Monroe Trout, Jr. (born January 22, 1962) is a retired financial speculator and hedge fund manager profiled in the book New Market Wizards by Jack D. Schwager. Monroe Trout, Jr.'s expertise is in quantitative analysis, with pattern recognition backed by statistical analysis. He subscribes to Ayn Rand's Objectivism. He has traded stocks, stock index futures, commodity futures, and options on all these, both for his own account and as an advisor for others.

Early years 
Monroe Trout, Jr. is the son of Monroe E. Trout, the former Chairman Emeritus of American Healthcare Systems. In 1978 in his hometown of New Canaan, Connecticut at the age of 17, Trout got a summer job with a futures trader. Trout typed in newspaper data into his computer and got his start in markets trading.
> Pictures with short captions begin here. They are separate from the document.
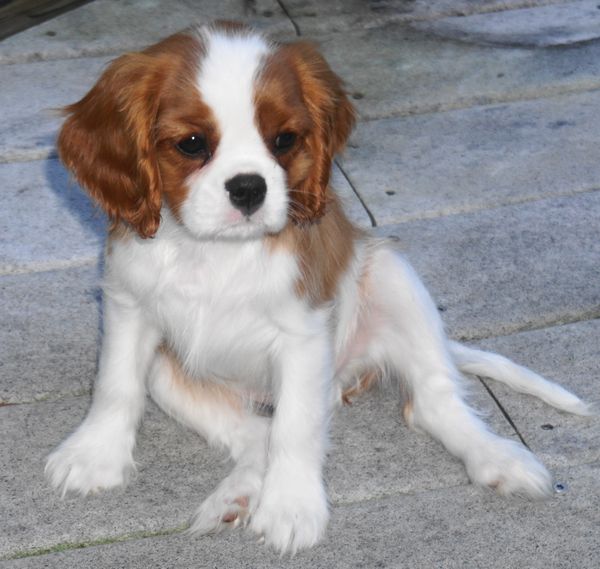 Logan as a puppy! Such a handsome little man! We just love him.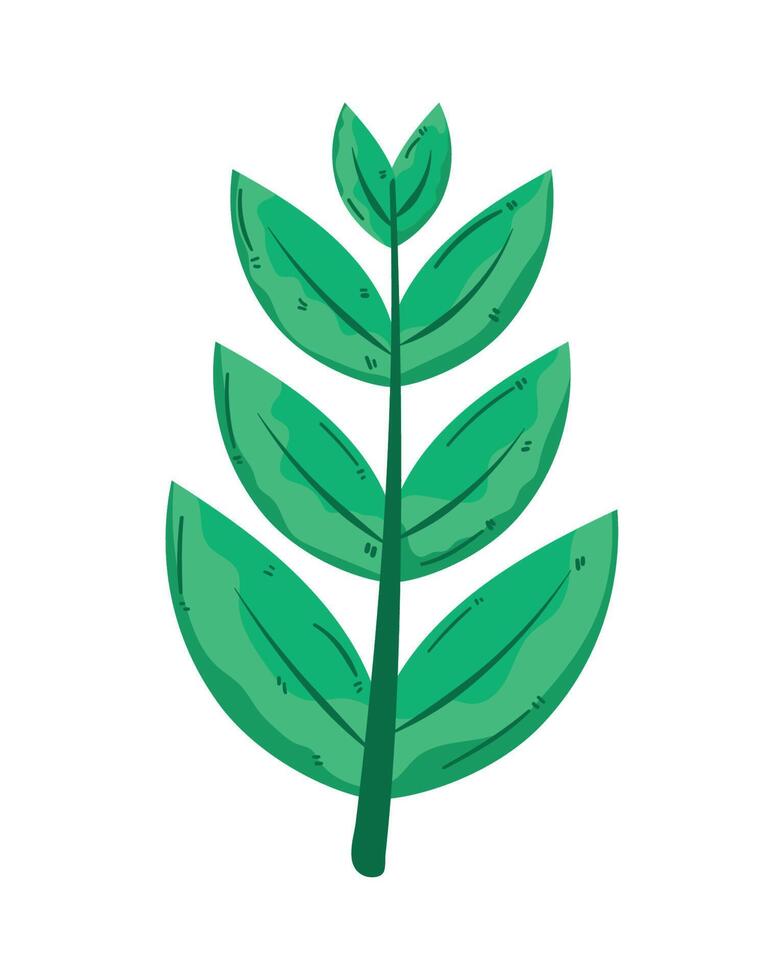 branch with leafs foliage vector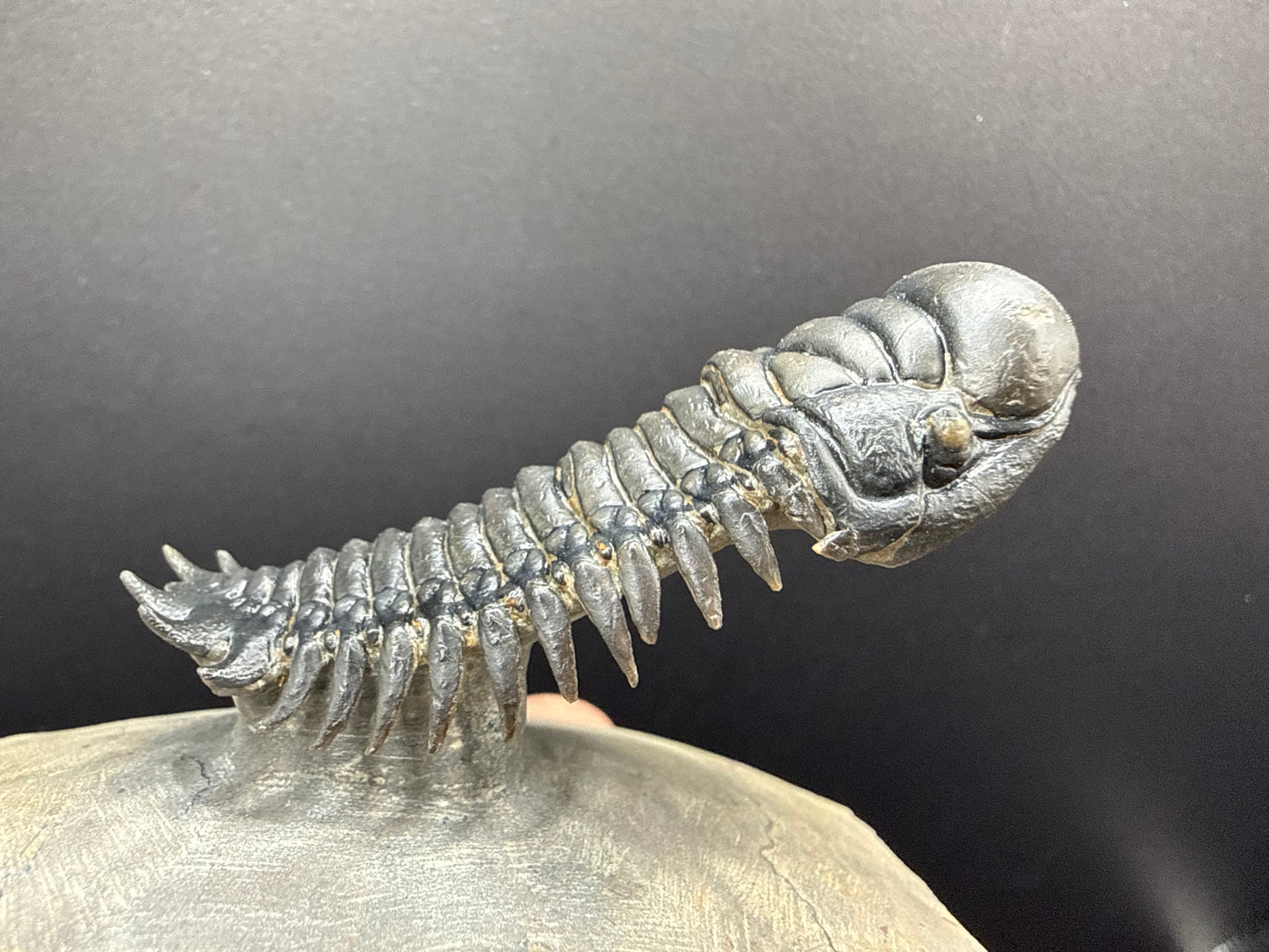 Crotalocephalus Trilobite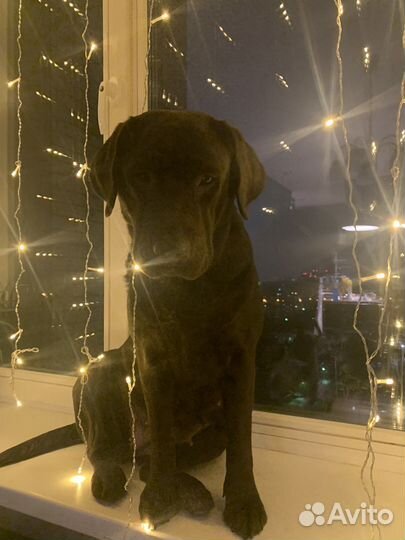 Индивидуальная домашняя передержка для собак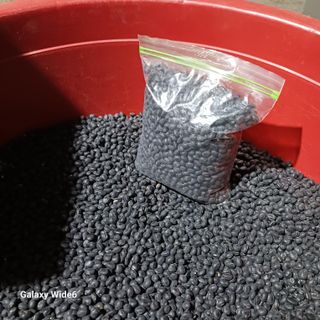 미소님의 자유주제 · 자유게시판 작성글 사진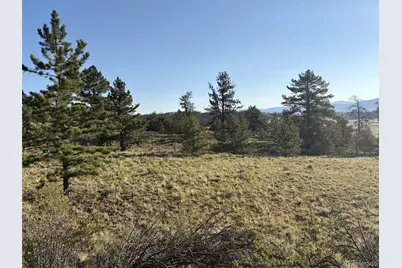 100 Park Road, Hartsel, CO 80449 - Photo 8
He was captain of the Harvard basketball team and led his team to a third-place finish in 1984's Ivy League.

He graduated magna cum laude from Harvard College in 1984 with a B.A. in Economics. His senior honors thesis was on stock index futures titled “Price movements in a Stock Index Futures Market”.

Career 
Monroe Trout began his career when he went to New York City to work for Victor Niederhoffer's NCZ Commodities at New York's commodity pits. In his 20s during one stretch he turned a profit 69 out of 79 months and became something of a celebrity on the trading floor. He also worked as a floor trader on two more exchanges before starting his own firm, Trout Trading, in 1986. Later, he would move his family and the company to Bermuda.

In 1993, he helped fund Rand Financial Services named after Ayn Rand. He keeps a low profile. At age 40, he retired from active trading with a net worth reportedly in excess of US$900 million.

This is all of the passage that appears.